Optionally, each of the state instances is further configured for updating a value of the DSL attribute in the corresponding control instance; the update unit is configured for: invoking the state instance corresponding to the target control instance to update the DSL data in the target control instance according to the control update data.

Optionally, the update unit is further configured for: obtaining the control update data according to a local event execution result; and/or obtaining the control update data sent by an external device.

Optionally, a root node of the control tree structure includes a notification center control instance; where the notification center control instance is configured for: in response to receiving a control interaction event, sending information of an interacted control instance to an event parsing processing module, and triggering the event parsing processing module to execute a corresponding operation event and obtain an event execution result; the event parsing processing module includes a set of correspondences between information of the control instances and operation events.

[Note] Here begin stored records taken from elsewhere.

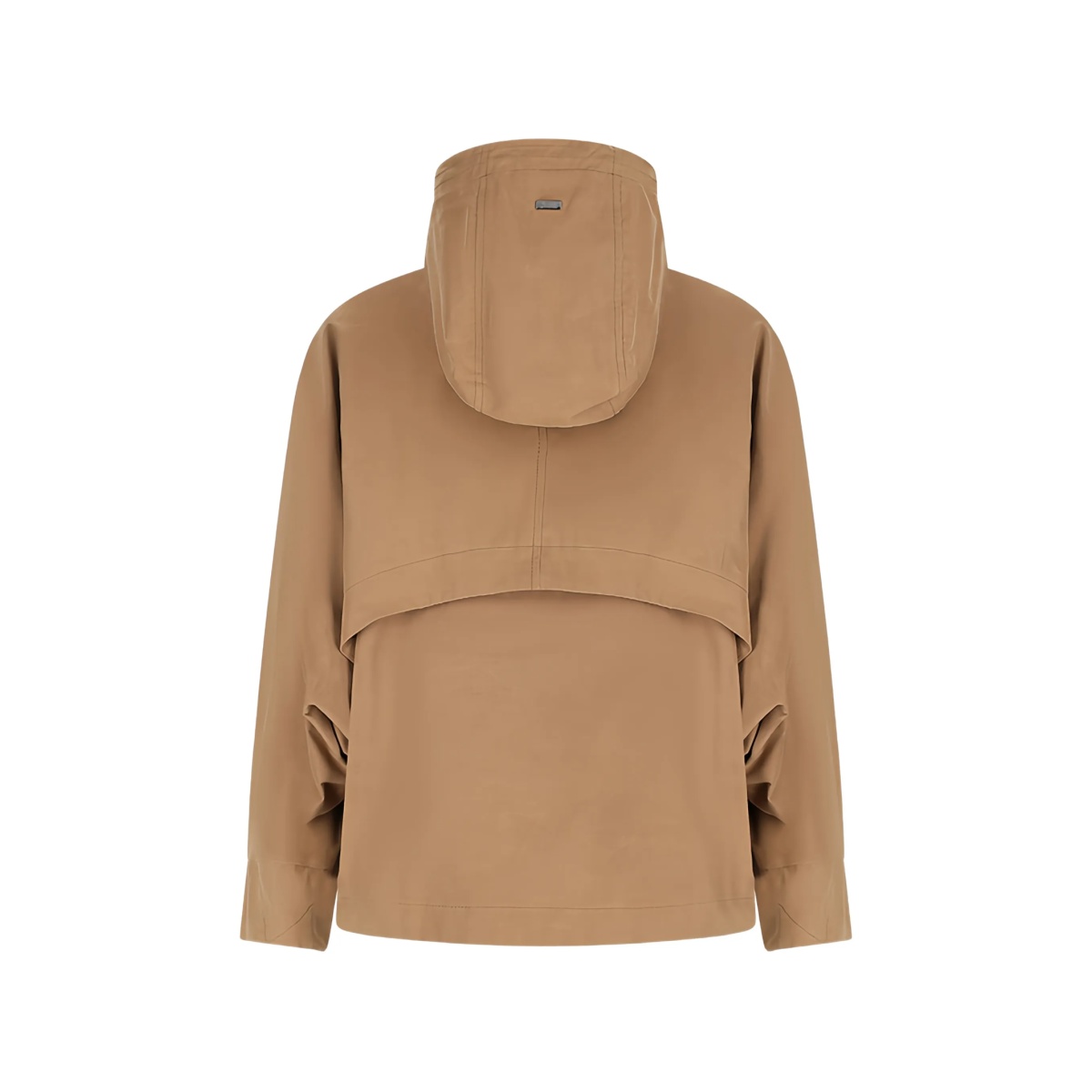hooded jacket - Img 2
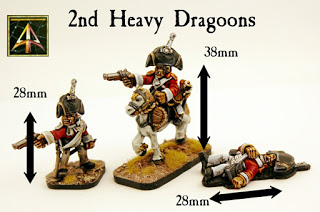 2nd Heavy Dragoons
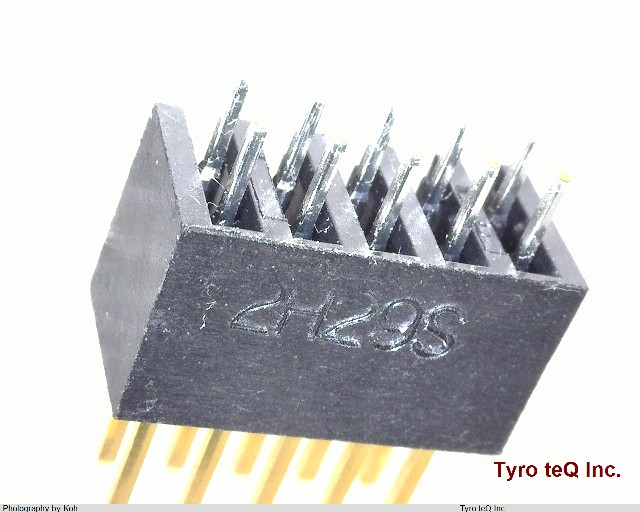 HIF3E-10PA-2.54DSA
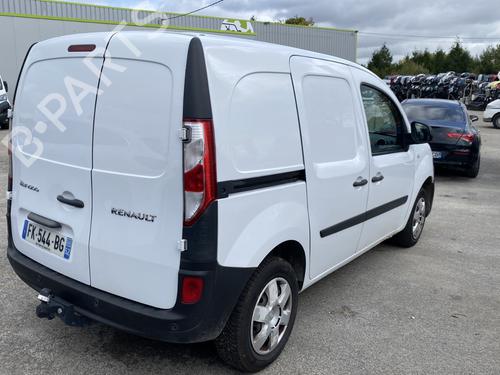 Dørliste RENAULT KANGOO Express (FW0/1_) 1.5 dCi 95 (FW16) | BP32068614C150 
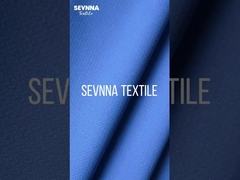 Tecidos de corrida de alto desempenho para ótimo conforto e durabilidade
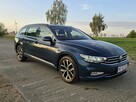 Volkswagen Passat Business 2.0 TDI DSG Variant Salon Polska, Możliwa zamiana - 3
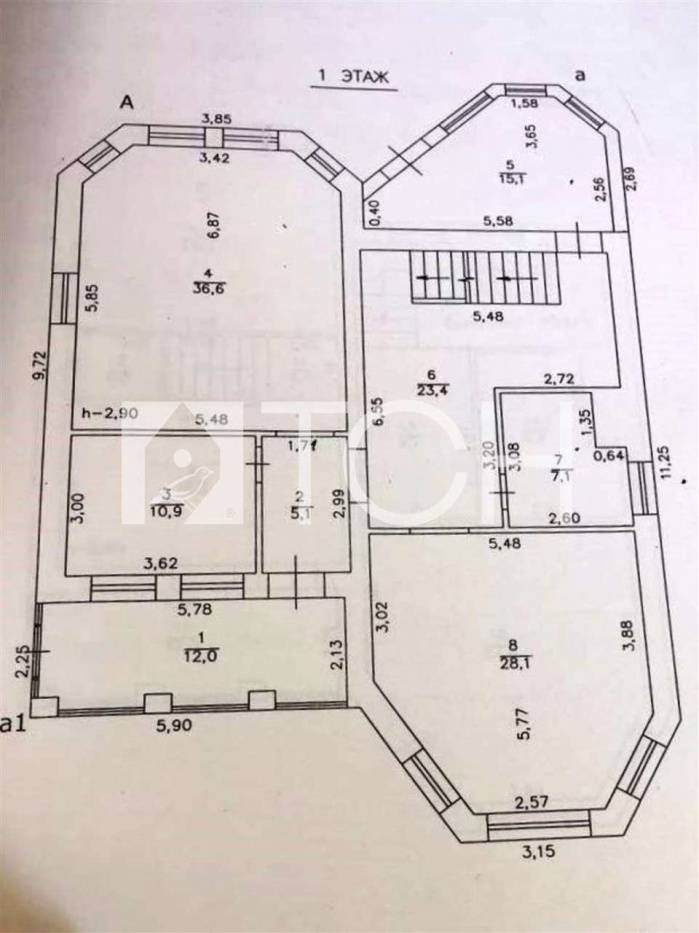 Дом, Пушкинский район #id269380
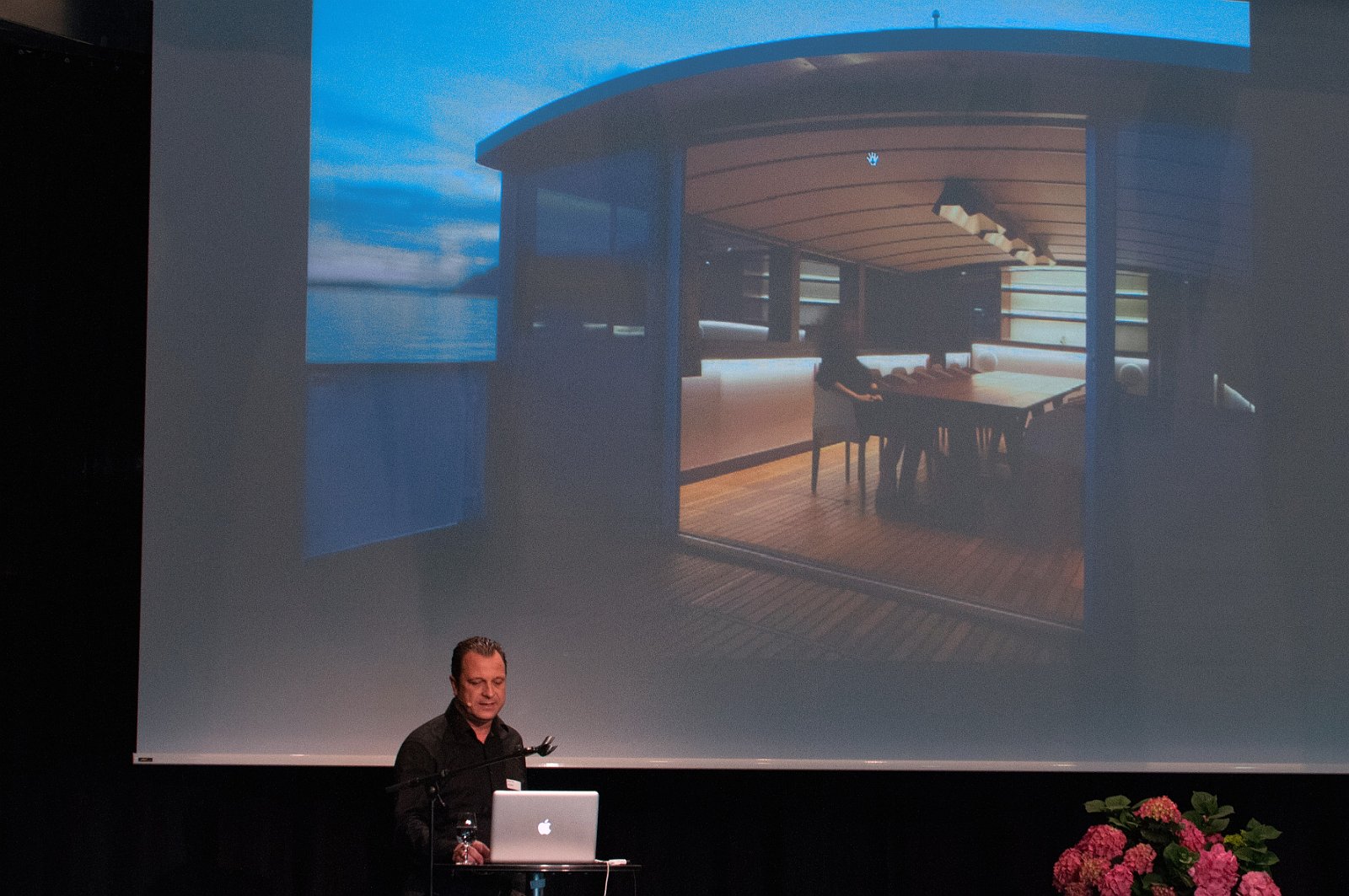 VSI.ASAI. - world interiors day, 25. Mai 2013 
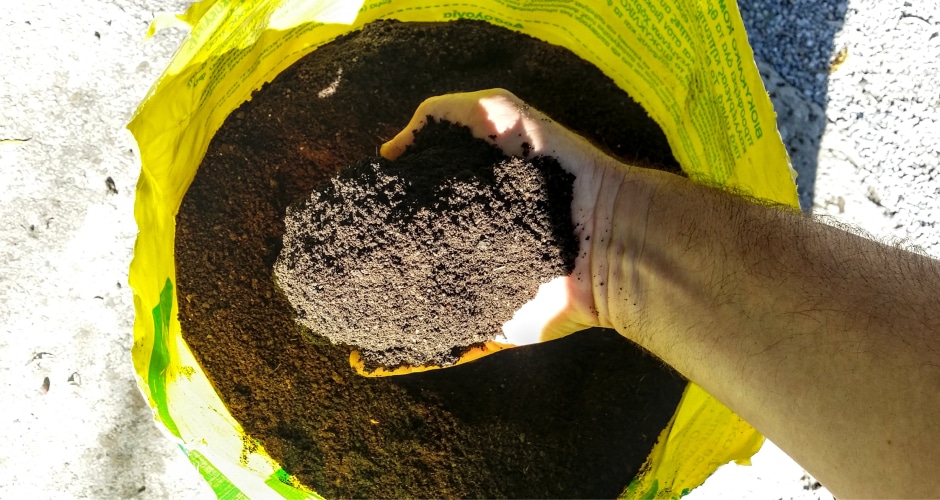 BHS Biocyclic Humus GmbH Biozyklischer Humuserde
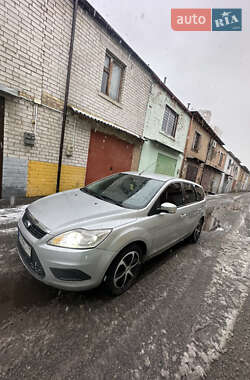 Универсал Ford Focus 2008 в Киеве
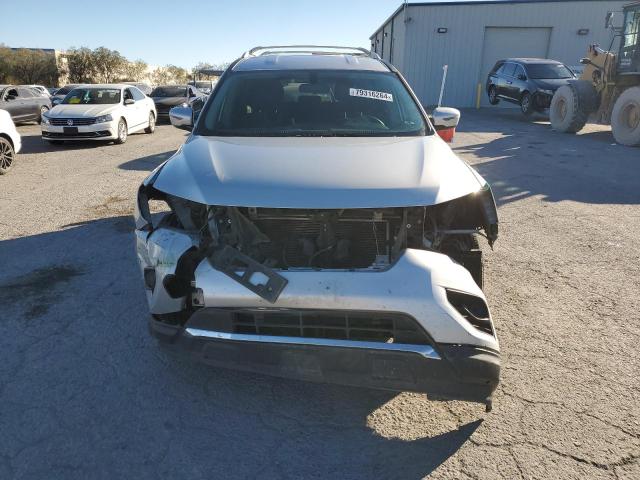 Photo 4 VIN: 5N1DR2MN4JC666587 - NISSAN PATHFINDER 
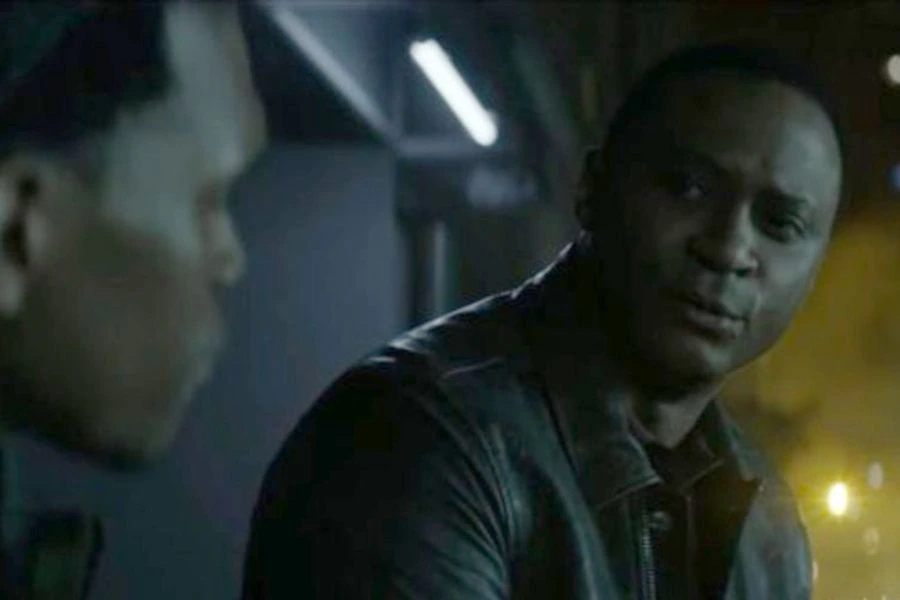 John Diggle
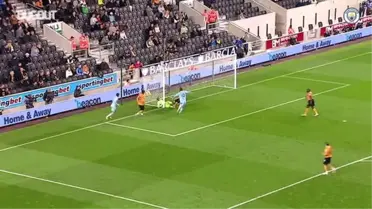 Manchester City'nin Wolves Deplasmanında Attığı En İyi Goller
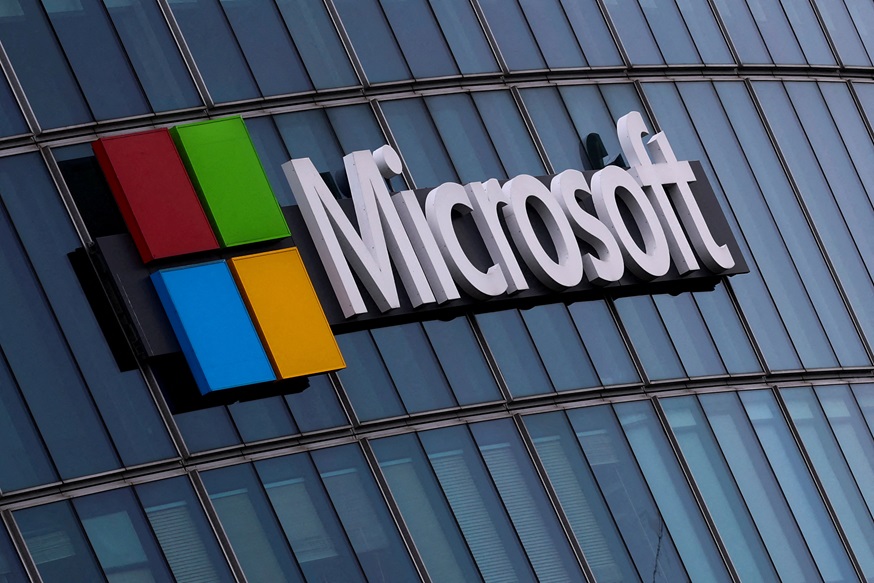 Microsoft amplia parceria com AMD para infraestrutura de inteligência artificial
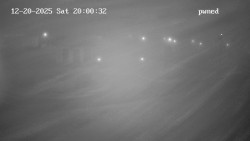 Hlavní bazén, divoká řeka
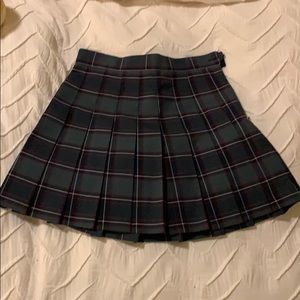 American Apparel tennis skirt 🎾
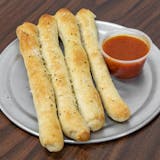 Plain Breadsticks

Optionally, the control update data is generated by: obtaining attribute update information of a to-be-updated control; and converting, based on a preset DSL conversion module, the attribute update information into the control update data in a DSL form.

Optionally, the DSL file is generated by: obtaining configuration information of the target page, where the configuration information includes information of the control tree structure; and converting, based on a preset DSL conversion module, the configuration information into the DSL file.

Optionally, the DSL file includes at least one of control information, event binding information, or data binding information describing the control tree structure; the parsing unit is further configured for: executing initialization to generate a data parsing processing module, an event parsing processing module, and a page generation module; saving the event binding information in the DSL file into the event parsing processing module; saving the data binding information in the DSL file into the data parsing processing module; saving the control information in the DSL file into the page generation module; and invoking the page generation module, to parse the control information and create the control tree structure including the control instances.

Optionally, the parsing unit is configured for: executing an initialization event for the target page; determining a to-be-updated initial control instance and updating DSL data in the determined initial control instance according to a result of executing the initialization event; and executing the rendering function in each of the control instances in the control tree structure to render corresponding controls and obtain the target page.

Optionally, the rendering function includes a construction function; and the parsing unit is configured for: in a process of creating the control tree structure, executing the construction function in each of the control instances included in the control tree structure, to render corresponding controls and obtain the target page.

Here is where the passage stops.